- _WHAT THE EXERCISE ASKS_: Please reproduce exactly, and only, the lines from the one with "2. Remove the high-mount brakelamp cover." through the last line of the listing below, both ends included, leaving out the pictures.

- _GIVEN RECORDS_:
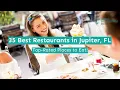 35 Best Restaurants in Jupiter FL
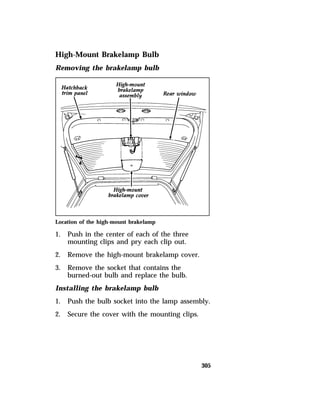 305 
High-Mount Brakelamp Bulb 
Removing the brakelamp bulb 
Location of the high-mount brakelamp 
1. Push in the center of each of the three 
mounting clips and pry each clip out. 
2. Remove the high-mount brakelamp cover. 
3. Remove the socket that contains the 
burned-out bulb and replace the bulb. 
Installing the brakelamp bulb 
1. Push the bulb socket into the lamp assembly. 
2. Secure the cover with the mounting clips. 
 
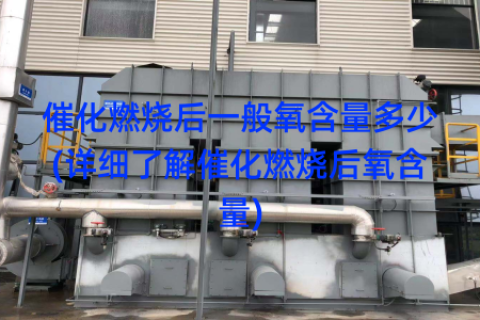 催化燃烧后一般氧含量多少(详细了解催化燃烧后氧含量)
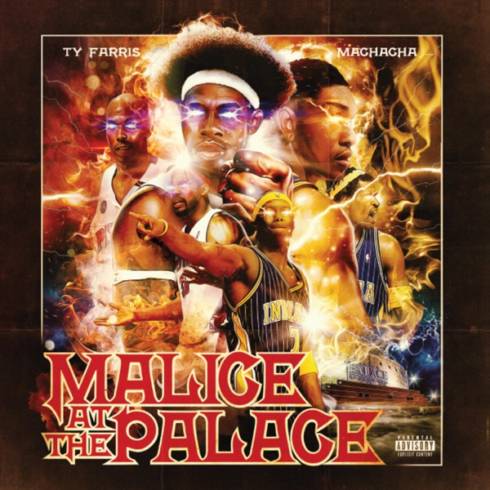 Ty Farris &amp; Machacha – Malice At The Palace (2023) (ALBUM ZIP)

- _SOLUTION BELOW_:
2. Remove the high-mount brakelamp cover. 
3. Remove the socket that contains the 
burned-out bulb and replace the bulb. 
Installing the brakelamp bulb 
1. Push the bulb socket into the lamp assembly. 
2. Secure the cover with the mounting clips. 
 
 催化燃烧后一般氧含量多少(详细了解催化燃烧后氧含量)
 Ty Farris &amp; Machacha – Malice At The Palace (2023) (ALBUM ZIP)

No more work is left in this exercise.